He was born to a wealthy family in Cecil County, Maryland, where he attended public school. After graduating from Kenyon College in Gambier, Ohio, in 1832, he went on to study law in Massachusetts and at Yale University. Upon his graduation from Yale in 1835, Davis moved to Bloomington, Illinois, to practice law. He also served as a member of the Illinois House of Representatives in 1845 and a delegate to the Illinois constitutional convention in McLean County, 1847. From 1848 to 1862, Davis presided over the court of the Illinois Eighth Circuit, the same circuit where attorney Abraham Lincoln was practicing. Davis was a delegate to the 1860 Republican National Convention in Chicago, serving as Lincoln’s campaign manager during the 1860 presidential election. After President Lincoln’s assassination, Judge Davis was an administrator of his estate.

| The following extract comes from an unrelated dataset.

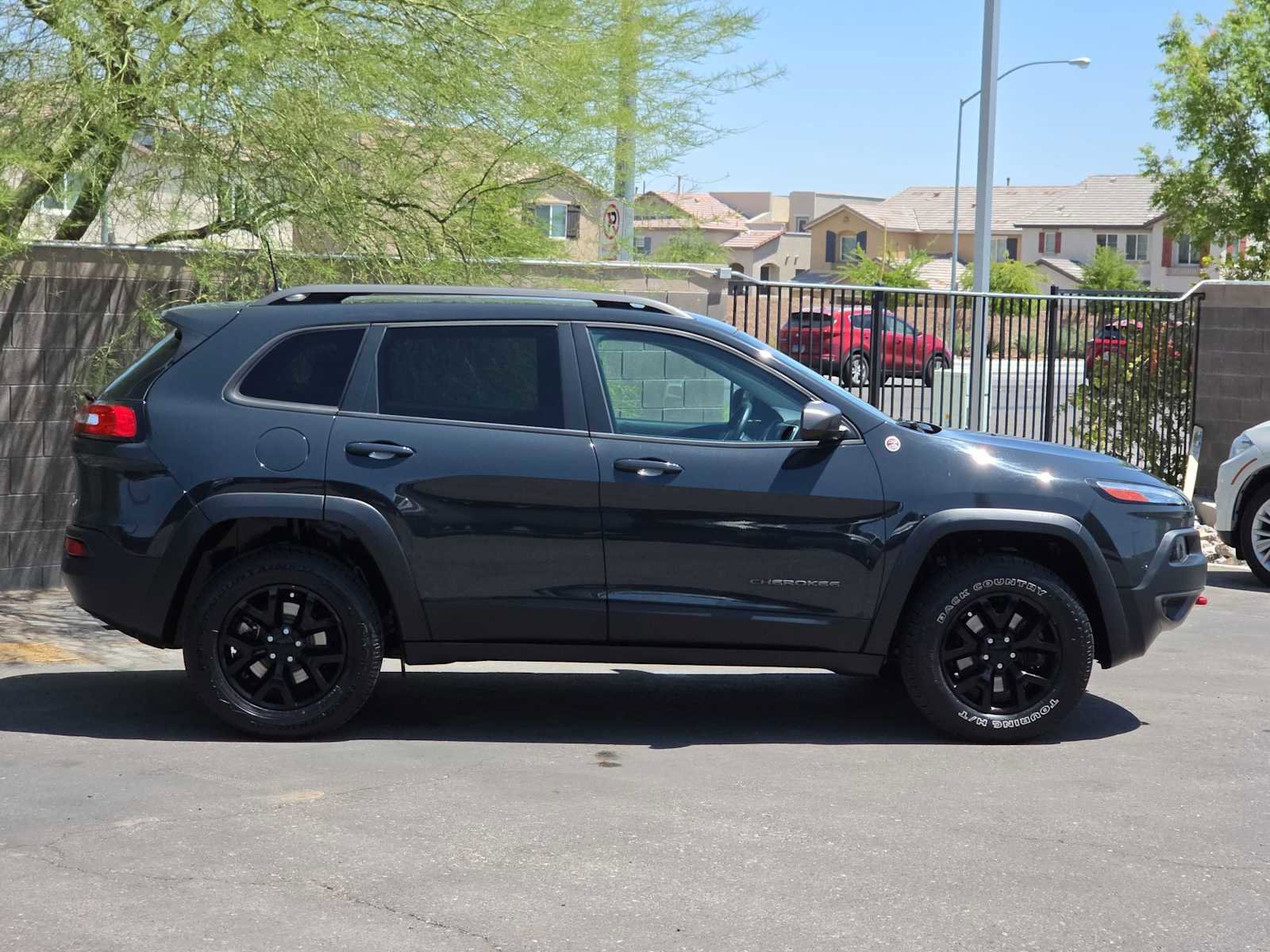 Used 2017 Jeep Cherokee Trailhawk w/ Cold Weather Group AWD/4WD image 9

On October 17, 1862, Davis received a recess appointment from President Lincoln to a seat on the U.S. Supreme Court vacated by the resignation of John Archibald Campbell, who had resigned in protest of Lincoln’s perceived intent to go to war with seceding Southern states. Formally nominated on December 1, 1862, Davis was confirmed by the United States Senate on December 8, 1862, and received his commission the same day.

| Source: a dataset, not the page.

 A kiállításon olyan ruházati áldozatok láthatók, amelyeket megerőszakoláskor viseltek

On the Court, Davis became famous for writing one of the most profound decisions in the Supreme Court history, Ex Parte Milligan (1866). In that decision, the court set aside the death sentence imposed during the Civil War by a military commission upon a civilian, Lambdin P. Milligan. Milligan had been found guilty of inciting insurrection. The Supreme Court held that since the civil courts were operative, the trial of a civilian by a military tribunal was unconstitutional. The opinion denounced arbitrary military power, effectively becoming one of the bulwarks of held notions of American civil liberty. In 1870 he held, with the minority of the Supreme Court, that the acts of Congress making government notes a legal tender in payment of debts were constitutional. He is the only judge of the Supreme Court with no recorded affiliation to any religious sect.

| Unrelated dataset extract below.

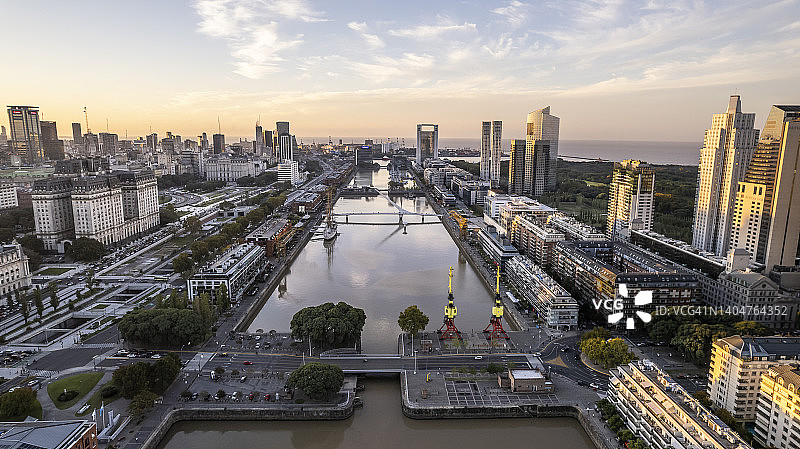 马德罗港和商业建筑的黎明图片素材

After refusing calls to become Chief Justice, Davis, a registered independent, was nominated for President by the Labor Reform Convention in February 1872 on a platform that declared, among other things, in favor of a national currency “based on the faith and resources of the nation,” and interchangeable with 3.65% bonds of the government, and demanded the establishment of an eight-hour law throughout the country, and the payment of the national debt “without mortgaging the property of the people to enrich capitalists.” In answer to the letter informing him of the nomination, Judge Davis said: “Be pleased to thank the convention for the unexpected honor which they have conferred upon me. The chief magistracy of the republic should neither be sought nor declined by any American citizen.”
He withdrew from the presidential contest when he failed to receive the Liberal Republican Party nomination, which went to editor Horace Greeley. Greeley died after the popular election and before the return of the electoral vote. One of Greeley’s electoral votes went to Davis.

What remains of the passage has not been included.